Tous ou presque tous ont été guidés par une pensée, par un but politique ; beaucoup d'entre eux étaient mêlés a des complots politiques ; ils faisaient partie de sociétés secrètes ; par conséquent, le délit politique était connexe à leur crime, et c'est de ces malfaiteurs que le gouvernement demande à pouvoir faire l'extradition sans difficulté. Or, l'honorable M. Lelièvre nous l'a dit hier ; il eût même fait l'extradition des Jacquin, à l'occasion desquels on a fait tant de bruit. Je prends acte de cette déclaration et je constate que du propre aveu de l'honorable M. Lelièvre, l'extradition de tous ces régicides, de tous ceux qui ont conspiré et qui ont attenté à la vie du souverain, pourrait se faire sans aucune difficulté.

Je lui demande donc dès lors pourquoi il n'est pas d'accord avec nous lorsqu'il s'agit de rédiger la loi. L'autorité de l'honorable membre est grande, et personne, mieux que moi, ne l'accepte dans cette enceinte. Mais quand il s'agira d'exécuter la loi, quand nous serons disparus, quand d'autres hommes seront au pouvoir, nous retomberions dans les mêmes embarras. Nous aurions beau invoquer les déclarations de l'honorable M. Lelièvre, la même difficulté surgirait. Il faut donc que l'on soit logique jusqu'au bout, que l'on dise dans le texte ce qu'on dit dans les discours. Il faut que la conclusion soit en rapport les prémisses. Or, la conclusion à laquelle arrive l'honorable M. Lelièvre est diamétralement contraire à la prémisse.
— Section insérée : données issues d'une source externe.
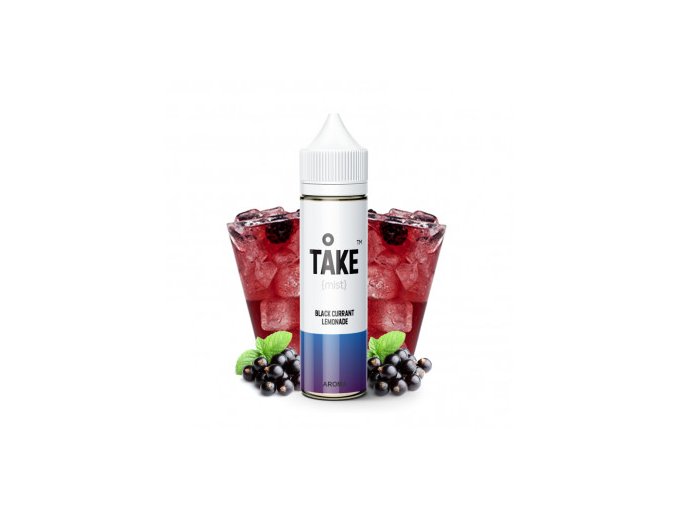 ProVape Take Mist Blackcurrant Lemonade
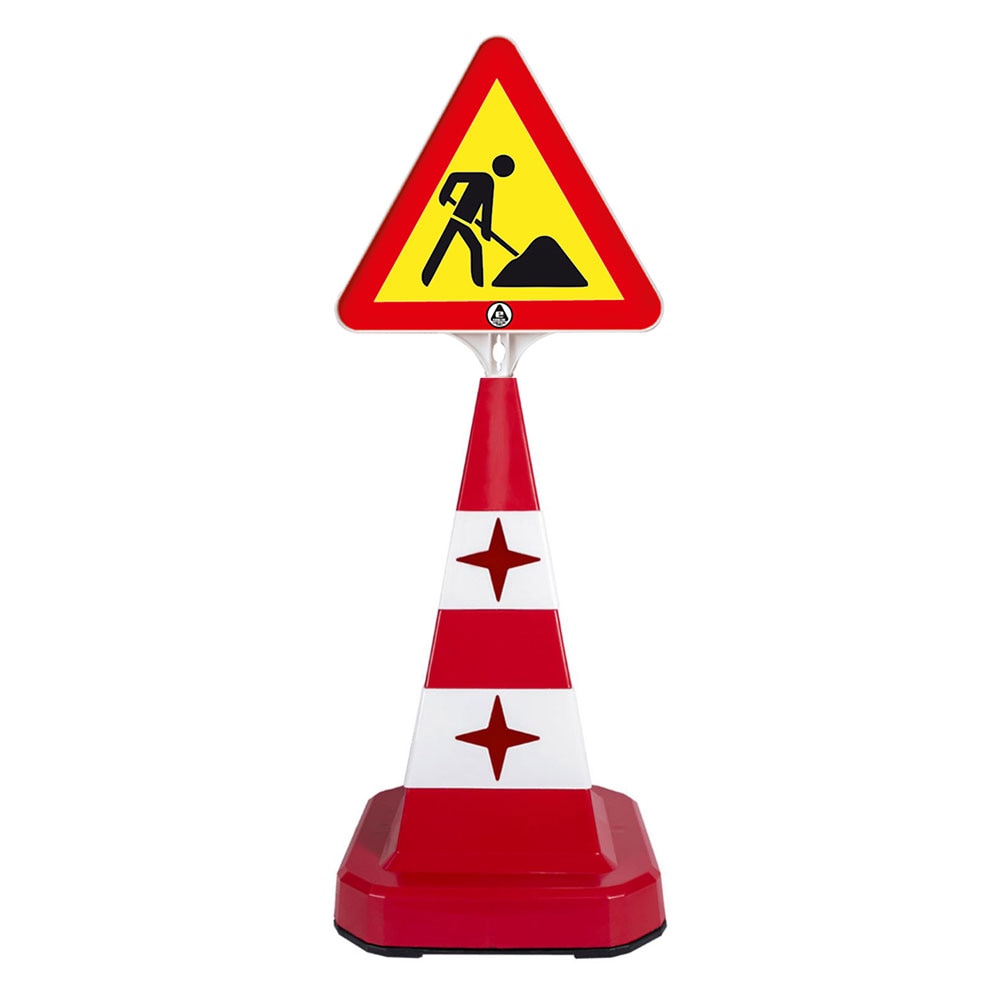 Kit indicator rutier mobil, Sigtra, con rutier, indicator lucrari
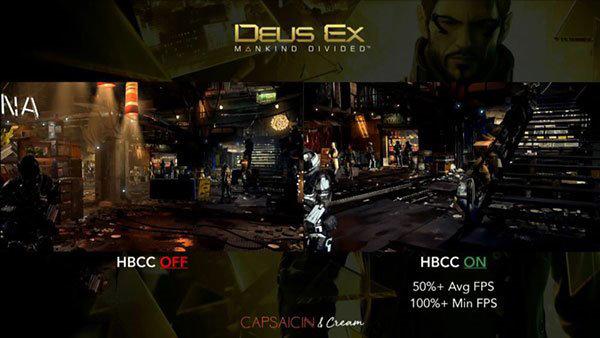 Radeon RX Vega显卡驱动截图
L'honorable M. Lelièvre a parlé de l'avis de la cour d'appel de Bruxelles dans l'affaire Jacquin et il a soutenu que cet avis avait statué que l'attentat contre la vie d'un souverain est un délit purement politique. Telle n'a certainement pas été la pensée des magistrats. Ce qui explique cet avis, c'est la suite d'une véritable erreur de fait.

En effet j'y lis, qu'il est constant qu'en France les faits de cette nature, c'est-à-dire l'attentat contre le souverain, ont toujours été jugés comme délits politiques et même déclarés tels par les lois les plus expresses. Or c'est là une erreur. En France, au contraire, depuis les modifications apportées au Code pénal en 1832 et la législation de 1853, l'attentat contre la vie du souverain est un crime de droit commun. L'avis de la cour de Bruxelles peut donc être qualifié d'erreur basée sur une noiion incomplète de la législation française.

Nous sommes donc, messieurs, je le dis avec plaisir, nous sommes d'accord au fond sur la portée générale de la disposition que le gouvernement a présentée. Il n'y a désaccord entre le gouvernemeui et quelques membres de cette assemblée, paraît-il, que lorsque le fait d'attentat viendrait se rattacher à un fait politique, par exemple, à une insurrection.

Ici, messieurs, je l'avoue, le terrain est assez difficile à parcourir. Car, si je devais épuiser cette discussiou, et je n'en ai pas l'envie, je devrais demander à l'honorable M. Lelièvre de vouloir nous faire une théorie de l'insurrection, et bien certainement il serait aussi embarrassé que moi.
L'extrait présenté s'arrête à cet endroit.